Hal pertama, yang penting dilakukan adalah meregulasi emosi yang dirasakan. Daripada menginvalidasi perasaan sedih dan kehilangan karena cuma tidak mau dianggap “lebay”.
Pahami bahwa apa pun yang dirasakan itu valid. Dalam tulisannya, Koh juga menyarankan untuk membicarakan apa yang kita rasakan ke sesama rekan kerja lain. Namun tentunya, kita juga harus memikirkan apakah orang yang nanti diajak bicara juga punya kesiapan mental yang sama dalam merespons hal ini.
Selain membicarakan secara terbuka apa yang kamu rasakan, berikut ini beberapa hal lain yang juga kamu bisa lakukan:
1. Menjaga relasi dengan rekan kerja meski sudah tidak satu kantor
Ketika mengungkapkan kesedihan setelah teman kerja saya mengabarkan resign, dia menegaskan bahwa kepergiannya dari perusahaan tak lantas membuat hubungan pertemanan kami kandas. Ia masih mau ikut berkumpul saat saya dan teman-teman lain makan bersama selepas kerja, atau sekadar nongkrong untuk melepas penat.
Meski mungkin, ini tidak semudah yang dibayangkan karena pasti nantinya kita akan punya kesibukan masing-masing.
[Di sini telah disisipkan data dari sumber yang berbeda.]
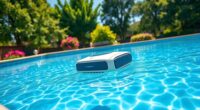 top picks for pool cleaners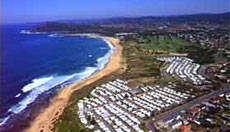 Sun Valley Tourist Park - QLD Tourism 6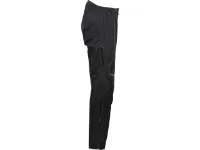 Patagonia Dirt Roamer Storm Pants Patagonia Dirt Roamer Storm Pants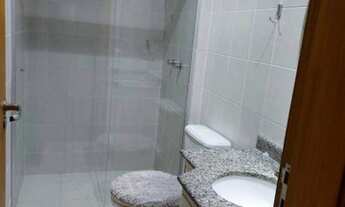 Imagem 7: Apartamento à venda, 67 m² por R$ 370.000,00 - Vila Tarumã - Pinhais/PR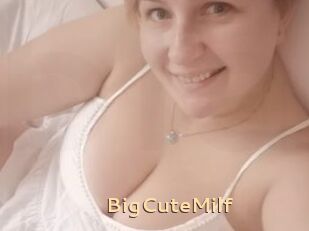 BigCuteMilf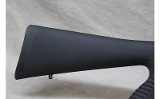 ATA Arms CY - 6 of 10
Namun, penting untuk memahami bahwa di luar pekerjaan, kita tetap teman. Kita bisa mulai dengan menjaga relasi baik walau di keseharian sudah tak ada hubungan kerja.
2. Mungkin rekan kerjamu hanya butuh dukungan
Kamu mungkin merasa sedih kehilangan rekan kerja karena tidak akan menemuinya lagi di kantor, tapi jangan lupa bahwa hal yang ia butuhkan adalah dukungan. Apalagi, jika alasan rekan kerjamu hengkang karena masalah kesehatan mental.
Keputusannya pergi bisa jadi sudah dipikirkan matang dengan segala konsekuensinya. Pada akhirnya, kita hanya bisa mendukung mereka.
Baca juga: 10 Hal yang Tidak Boleh Kamu Katakan Terhadap Rekan Kerja di Kantor
3. Merefleksikan kembali posisi dan pekerjaan
Kepergian rekan kerja sering kali membuat kita berpikir tentang posisi dan pekerjaan yang sedang kita jalani. Sebetulnya, tidak ada yang salah dengan hal itu. Kepergian dan kedatangan memang membuat kita berpikir bahwa kita tidak akan selamanya bekerja di tempat kerja sekarang.
Memetakan karier, posisi, dan value dalam diri penting agar kamu tahu apa yang akan dilakukan ke depannya.
4. Bicarakan dengan atasan
Proses resign seseorang biasanya diikuti dengan obrolan dan evaluasi dengan atasan. Orang yang akan pergi memberikan masukan agar perusahaan punya kebijakan yang lebih baik untuk pekerjanya.
Namun, selain orang yang resign, sebetulnya penting juga untuk kita terbuka pada atasan tentang apa yang dirasa setelah rekan kerja pergi. Tujuannya, untuk evaluasi tempat kerja yang sekarang, karena bukan tidak mungkin, kepergian mereka dipengaruhi faktor lingkungan kerja yang tidak suportif atau mungkin karena politik kantor.
5. Proses adaptasi yang harus pelan-pelan dijalani
Sama halnya dengan proses orang untuk move on, kita pasti harus melalui pendekatan dengan orang baru. The truth is, fase ini tidaklah mudah untuk dijalani, apalagi jika kasusnya ternyata orang baru ini sangat berbeda dengan rekan kerja sebelumnya. Kita mungkin akan membandingkan bagaimana kenyamanan antara rekan kerja sekarang dengan sebelumnya. Hal itu berpotensi membuat kita semakin mengingat rekan kerja yang dulu.
Daripada begitu, lebih baik kita melakukan penyesuaian pelan-pelan. Jangan bebankan ekspektasi yang sama terhadap orang baru, karena cara orang mengatasi pekerjaan itu berbeda-beda.